JAMBI – Kebakaran Hutan dan Lahan (Karhutla) di Provinsi Jambi masih terjadi. Bahkan berdasarkan penelitian dari Walhi terdapat tipologi yang sama pada wilayah yang terbakar pada tahun 2015 dan 2019 ini. Yakni pada lahan gambut yang dekat dengan lahan konsesi (lahan dengan izin pengolahan perusahaan). Dengan tegas Walhi meminta pemerintah untuk tegas terhadap pihak pemanfaat lahan ini, jika perlu setelah direview ditemukan pelanggaran pencabutan izin bisa jadi pilihan.
Direktur Eksekutif Walhi Daerah Jambi Rudiansyah, menyampaikan, seharusnya pemerintah daerah melihat problem kebakaran sebenarnya. Yang selama ini hanya fokus pada wilayah pemadaman, bukan pada tataran penertiban pelanggaran yang terjadi.
“Dari problem ini kita lihat penting bagi pemerintah untuk lakukan sanksi tegas review atau bahkan melakukan penegakan hukum terhadap pelaku pembakaran diwilayah konsesi, karena wilayah itu terbakar setiap tahun,” sampainya saat dihubungi Jambi Ekspres (14/8).
Bahkan sanksi tegas harus dipilih untuk keadilan. Karena seharusnya perusahaan juga menyiapkan kesiapan pemadaman disekitar lahan konsesinya. “Iya cabut izinnya, berarti dia tidak siap secara infrastuktur bangun industri,” jelasnya.
Bahkan kata Rudi himbauan dari Kementerian Kehutanan juga sudah jelas, seharusnya jika 5 Kilometer dari lahan konsesi terbakar maka perusaahn wajib turut bantu padamkan karhutla. “Ini yang tidak terprogres baik, ini himbauan artinya bisa diikuti atau tidak, tapi harusnya tunduk semua, artinya ya kalau tak diikuti mesti diberi sanksi, karena tak indahkan himbauan,” terangnya.

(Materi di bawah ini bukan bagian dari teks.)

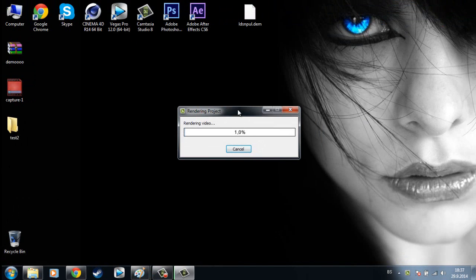Now this rendering can take a while, so I will speed this part up.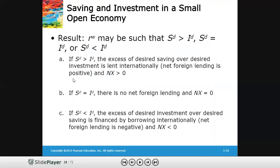To summarize: if the world real interest rate rw is such that desired savings exceed investment, the excess is lent internationally — net foreign lending and net exports are positive. If desired saving equals investment, there is no foreign lending and net exports are zero, as in a closed economy. If desired saving is less than desired investment, the excess investment must be financed by international borrowing.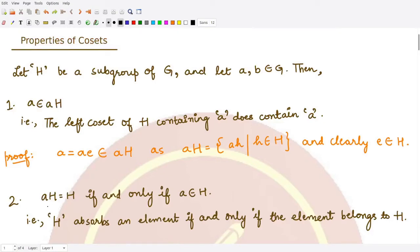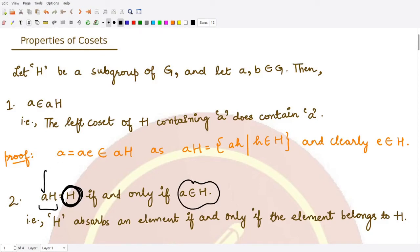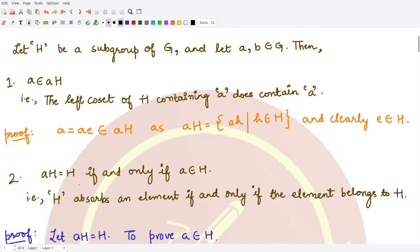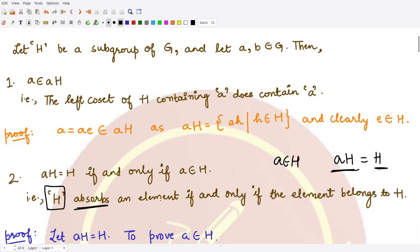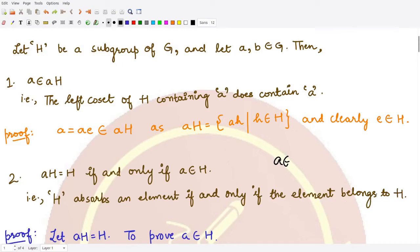The second property tells us that the coset aH equals the subgroup H itself whenever the element a is a member of that subgroup. So if the element used to generate the coset is already present within H, then aH is nothing but H itself. This property is useful in algebraic calculations: if you have some element a which is present in H, then whenever you encounter aH you can write it simply as H. We also say that H absorbs the element a, and this occurs whenever a belongs to H.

Sementara untuk perusaahaan di Jambi sendiri Rudi menyebut memang responnya agak lambat. Dalam artian belum ada data resmi dari pemerintah yang menerangkan bahwa perusahaan telah patuh atau belum dalam infrastrukur pemadaman dan antisipasi karhutlanya. ”Harusnya sesuai regulasi, tapi sejauh ini respon nya agak lambat, belum diumumkan perusahaan mana yang sudah patuh atau belum, itu yang kita tunggu ke depan,” jelasnya.
Sementara untuk kekhawatirannnya 2019 akan sama dengan 2015 , Rudi berharap tidak akan terjadi walaupun punya tipologi kesamaan daerah yang terbakar. “Karena yang kita lihat upaya pemadaman yang patut diapresiasi, namun tak bisa setiap tahun hanya menghabiskan uang rakyat untuk padamkan api saja, kita harap tak terjadi lagi tahun depan,” katanya.

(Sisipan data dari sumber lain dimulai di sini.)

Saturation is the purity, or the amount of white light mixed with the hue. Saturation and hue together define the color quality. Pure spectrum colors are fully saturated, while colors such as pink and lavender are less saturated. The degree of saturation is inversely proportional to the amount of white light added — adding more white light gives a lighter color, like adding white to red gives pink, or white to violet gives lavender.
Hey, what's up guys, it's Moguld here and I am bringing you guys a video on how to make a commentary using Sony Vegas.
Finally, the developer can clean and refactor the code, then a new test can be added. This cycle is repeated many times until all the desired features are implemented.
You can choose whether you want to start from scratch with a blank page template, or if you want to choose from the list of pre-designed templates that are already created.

Sumber api yang sampai saat ini masih memunculkan asap dan terjadi berulang-ulang disetiap tahunnya, merupakan wilayah-wilayah yang secara fungsinya sudah rusak akibat eksploitasi yang dilakukan oleh aktifitas manusia.
“Salah satu wilayah prioritas untuk dikembalikan fungsinya adalah wilayah ekositem gambut. Yang dalam catatannya, wilayah ini penyumbang besar kebakaran khususnya dikejadian kebakaran lahan dan hutan pada tahun 2015 lalu,” kata Rudi.

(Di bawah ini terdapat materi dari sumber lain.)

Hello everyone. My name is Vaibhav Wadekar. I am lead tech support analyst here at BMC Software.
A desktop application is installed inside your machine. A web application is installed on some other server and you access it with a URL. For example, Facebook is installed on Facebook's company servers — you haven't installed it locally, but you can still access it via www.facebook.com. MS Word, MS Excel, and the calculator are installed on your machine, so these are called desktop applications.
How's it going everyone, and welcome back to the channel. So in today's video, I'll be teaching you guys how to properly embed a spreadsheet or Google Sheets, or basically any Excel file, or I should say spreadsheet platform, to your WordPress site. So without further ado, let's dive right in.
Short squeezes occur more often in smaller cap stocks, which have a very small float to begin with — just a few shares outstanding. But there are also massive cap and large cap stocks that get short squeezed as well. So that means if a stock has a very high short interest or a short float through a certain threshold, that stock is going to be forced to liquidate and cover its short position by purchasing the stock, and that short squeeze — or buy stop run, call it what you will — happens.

Terulangnya kembali lahan terbakar diwilayah masyarakat, bukan saja diakibatkan oleh semata-mata faktor kesengajaan yang dilakukan oleh masyarakat.
Namun yang lebih penting untuk kritisi adalah, terkait dengan tata kelola lahan yang dilakukan oleh pihak-pihak perusahaan yang berada tidak jauh lokasinya dari wilayah kebakaran lahan. ”Tata kelola yang dilakukan oleh perusahaan baik itu perkebunan kelapa sawit maupun HTI, yang ditandai dengan pembangunan kanal-kanal sedalam kurang lebih 10 meter dan tanggul, berdampak langsung terjadinya pengeringan lahan masyarakat yang berada disekitar kanal perusahaan pada saat musim kemarau,” tandasnya.
Sholat Istiqo Kembali Dilakukan
Sholat Istisqo di lapangan sepak bola Desa Sipin Teluk Duren Kecamatan Kumpeh Ulu Kabupaten Muaro Jambi, Rabu (14/8)
Untuk mengantisipas tragedi 2015 silam kembali terjadi, ratusan masyarakat Kecamatan Kumpeh Ulu Kabupaten Muaro menggelar sholat Istisqo Rabu (14/8) yang bertempat di lapangan sepak bola Desa Sipin Teluk Duren Kecamatan Kumpeh Ulu Kabupaten Muaro Jambi.